Investigation result

Senolytics exposure in physiologically aged BOs showed a substantial decrease in senescence-associated β-galactosidase activity 1 (SA-β-gal) activity compared to controls. This finding indicates that all senolytic treatments were able to eliminate large numbers of senescent cells in the treated BO.

Senescent cells were found to accumulate in physiologically aged BOs of human origin. Importantly, 4-week (long-term) intermittent senolytic treatment significantly reduced inflammation and cellular senescence. Here, D+Q treatment caused anti-aging and longevity-promoting gene expression in treated BO.

Long-term senolytic therapy prevents selective accumulation of senescent cells in physiologically aged human brain organoids. Brain organoids were generated and grown in vitro 8 months, then 2 doses of either navitoclax (2.5 µM), ABT-737 (10 µM), or D+Q (D: 10 µM; Q: 25 µM) (each dose every 2 weeks) was exposed toOrganoids were then collected the following month on site analysis. (a) SA-β-gal assay was performed on organoid sections. Each data point in the bar graph represents a single analyzed organoid. Error bars represent standard deviation. At least eight individual organoids were analyzed per condition.
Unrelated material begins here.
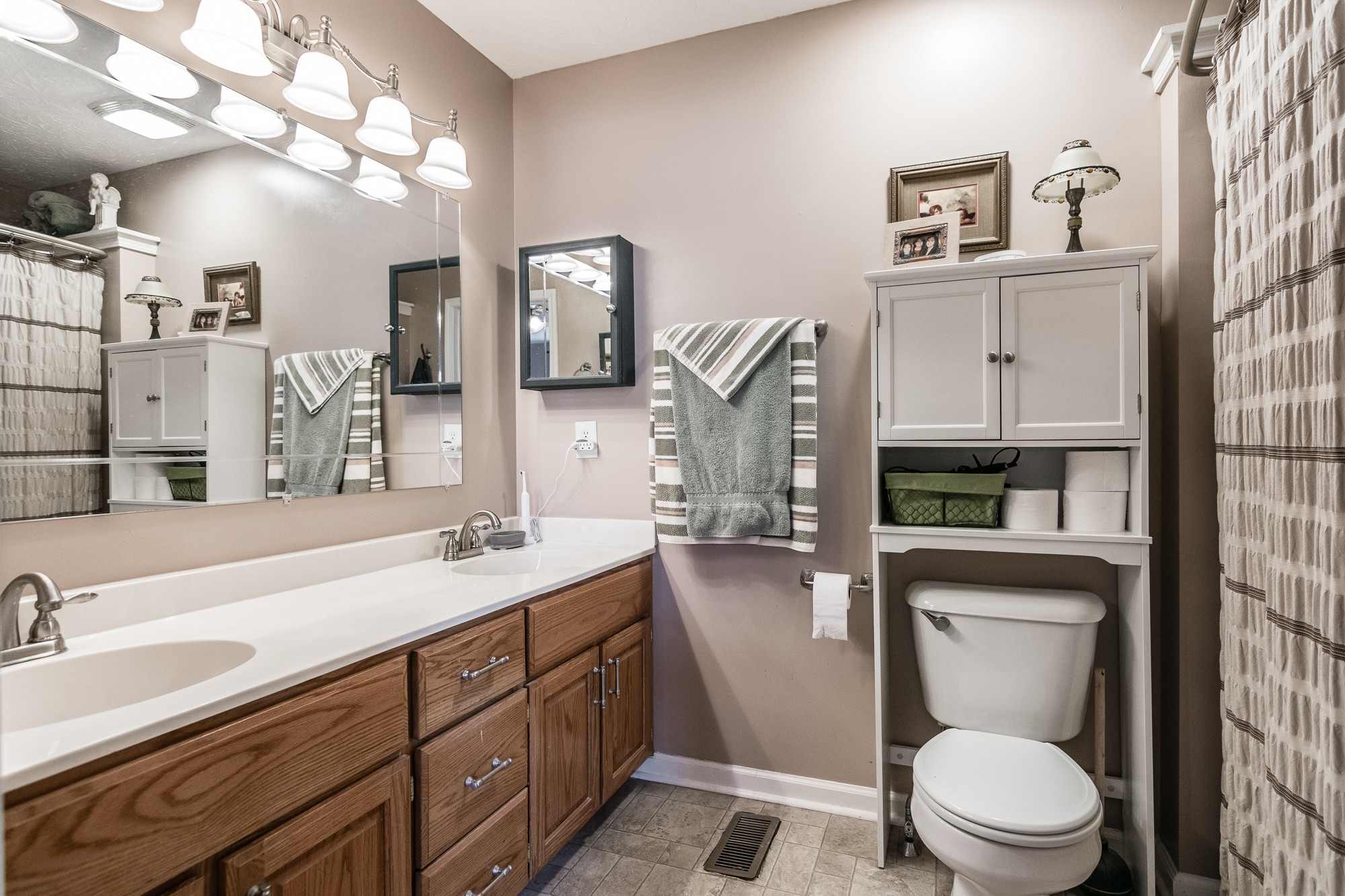 166 Switchboard Road Portland, TN 37148 - Photo 23 of 49 a bathroom with a toilet a sink and mirror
One-way ANOVA with Tukey’s multiple comparisons post hoc correction. (B) Lamin B1 staining was performed on organoid sections. Each data point in the scatterplot represents the integrated intensity of each cell within the organoid section. At least eight individual organoids were analyzed per condition. One-way ANOVA with Tukey’s multiple comparisons post hoc correction. (CD) Representative images from quantification shown in a and b, respectively. Scale bar, 0.3 mm.

Brains of SARS-CoV-2-infected individuals showed an accelerated accumulation of cellular senescence compared with age-matched controls. It has been attributed to neurotropic viruses such as the Zika virus. Japanese encephalitis virus (JEV) and SARS-CoV-2 infect human BO and directly induce cellular senescence.

Among the emerging SARS-CoV-2 variants, the delta (B.1.617.2) variant induced the strongest cellular senescence. This observation was validated by spatial transcriptome sequencing of p16-positive cells, which detected a delta-specific senescence-associated secretory phenotype (SASP) signature.

There is an increased accumulation of p16 senescent cells in the brains of COVID-19 patients. (a) Immunofluorescence images showing DAPI (blue) and p16 (red) immunoreactivity in sections of frontal cortex regions of severe COVID-19 patients and age-matched COVID-unrelated controls. Scale bar, 50 μm. (B) Box plots indicate the percentage of p16-positive cells. Each data point in the graph represents one of her patients analyzed, with a total of 2,794,379 brain cells from seven of her COVID-19 patients and eight non-COVID-19 patients. Whiskers represent minimum and maximum values. Student’s two-tailed t-test.

A 5-day senescent cell depletion treatment of organoids infected with SARS-CoV-2 revealed a decrease in viral gene expression. Furthermore, this treatment suppressed the development of corticothalamic and GABAergic senescent neurons. Importantly, senolytic treatment following his SARS-CoV-2 intranasal infection of K18-hACE2 mice ameliorated the neuropathology of COVID-19.

Senolytic treatment enhanced clinical scores and survival rates in SARS-CoV-2-challenged mice. Increased survival of dopaminergic neurons and reduced reactive astrogliosis were also observed. Moreover, this treatment significantly reduced SASP, viral, and senescence gene expression in the brains of infected mice.

Conclusion

The current study revealed that physiologically aged human BOs accumulate senescent cells. However, senolytic treatment can effectively reduce differential SASP expression and senescent cell burden in treated BO.

Intermittent senescent cytolytic treatment improved the clinical outcome of SARS-CoV-2-infected mice, which was associated with reduced inflammation and improved survival of dopaminergic neurons.

Taken together, the current study shows that senolytic therapy can reduce long-term COVID neuropathology and other disorders caused by acute neurotropic virus infection.

*Important Notices

Bio Rxiv We publish a non-peer-reviewed, preliminary scientific report and should not be taken as conclusive, to guide clinical practice/health-related actions, or to be treated as established information.